Recently, I was asked a very thought-provoking question by the director of HRD for a large organization. I was explaining the “5As Framework” to her and she asked, “What are the implications for what we do here?” I immediately launched into my usual speech about getting managers of learners
involved in actively supporting the learning process. This led to a discussion of all the excuses she hears from managers to explain their lack of involvement in employee learning. It wasn’t until later, after further rumination, that I realized the better answer to the director’s question is, “Throw out the course catalog!”
Like HRD departments in many large organizations, each year they offer a long list of courses and programs that have all of the current buzz words in their titles. I have no doubt that her department delivers excellent, world-class courses and programs. And I’m sure employees enjoy the courses and even say that the knowledge and skills will be very useful to them in their work. However, I’m also quite sure that very little has changed in the wider organization as a result of the many outstanding events put on by this unit. The problem is the lack of alignment between event-based instruction and important business results.
The competency model, which provides the underlying theory of event-based training, is doing a disservice to the current needs of organizations. Training and development professionals seem to believe that if they can identify the competencies that people need in order to do their jobs and then offer courses to teach those competencies, employees will be more productive and successful. The problem with this way of thinking is that performance has as much (if not more) to do with work culture as it does with job competencies. To be successful, employees need supervisors and co-workers who are supportive of learning and performance improvement, they need a supervisor/boss/mentor who talks to them regularly about learning and results, they need the opportunity to apply new learning and to receive feedback, and they and the organization need to be held accountable for learning and results. If there is this culture of learning, employees will continually improve performance.

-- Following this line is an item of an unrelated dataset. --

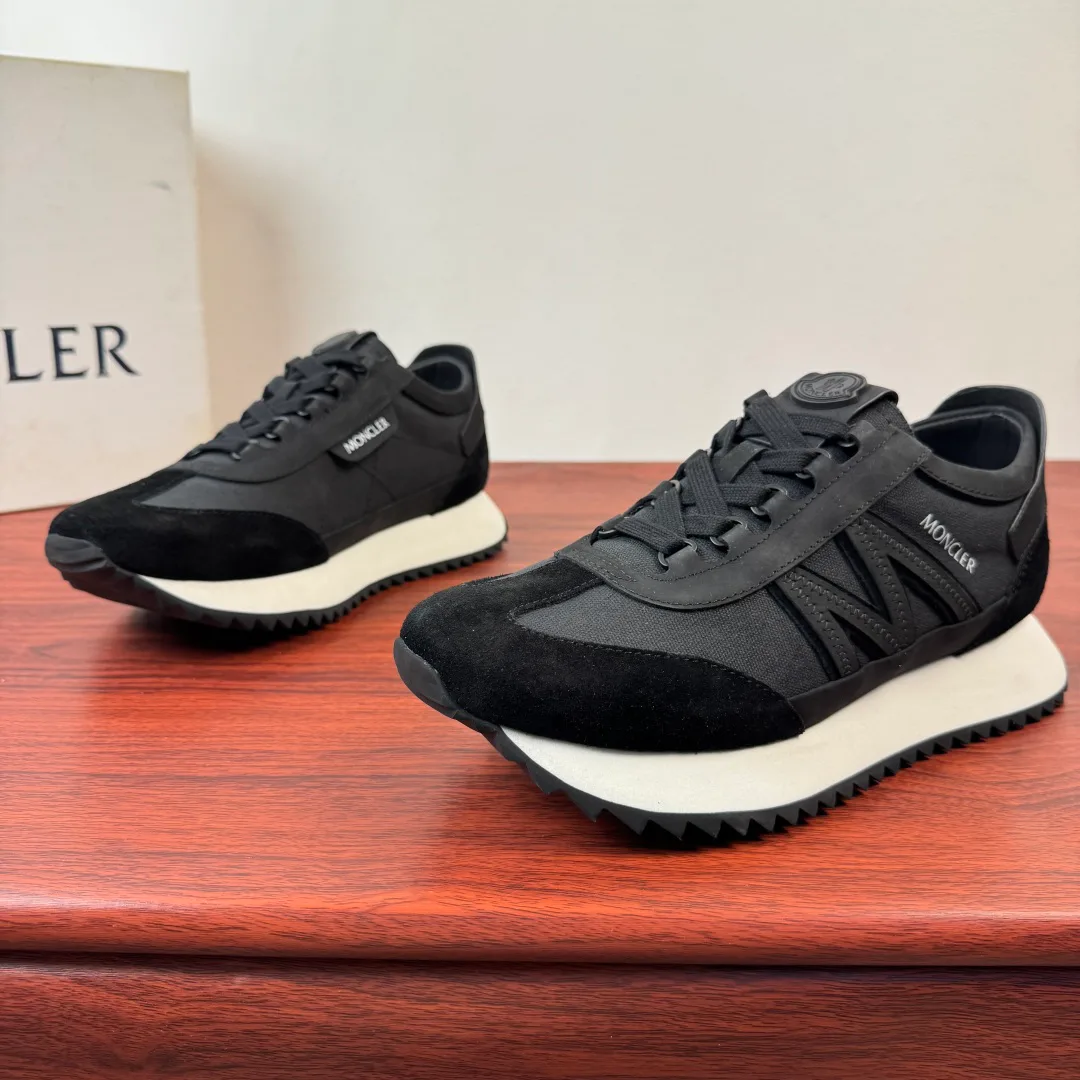Men's Sneakers MONCLER 18100571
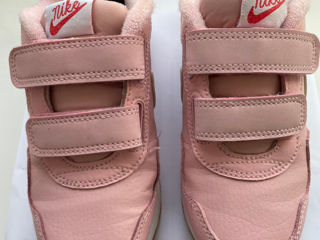 Vînd încălțăminte Nike, fete foto 0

According to my colleague, Ralph Jacobson, we have to change the local environment so that people actually “work differently”, not just learn how to work differently. All the courses in the world will not change behavior and improve results unless the local culture supports change. At one time, when jobs were static and organizational change came slowly, a menu of well-designed courses was sufficient. Now, when change has to happen rapidly, when we have to find ways to lower the cost of learning, and when we have better and better online, just-in-time, mobile learning resources, event-based learning is no longer the best answer.
We must provide learning experiences to people when and where they need it and in ways that optimizes application to achieving important business results. We need training and development that is timely, short duration, and project-focused. We need frequent on-the-job feedback from supervisor/boss/mentor to employee. For example, leadership skills are best taught during a challenging, team project while the leader is trying out new behaviors and receiving ongoing feedback from a coach. This way of learning will have much more impact on performance than a course or conference on leadership.
What do you think? Can we throw out the course catalog?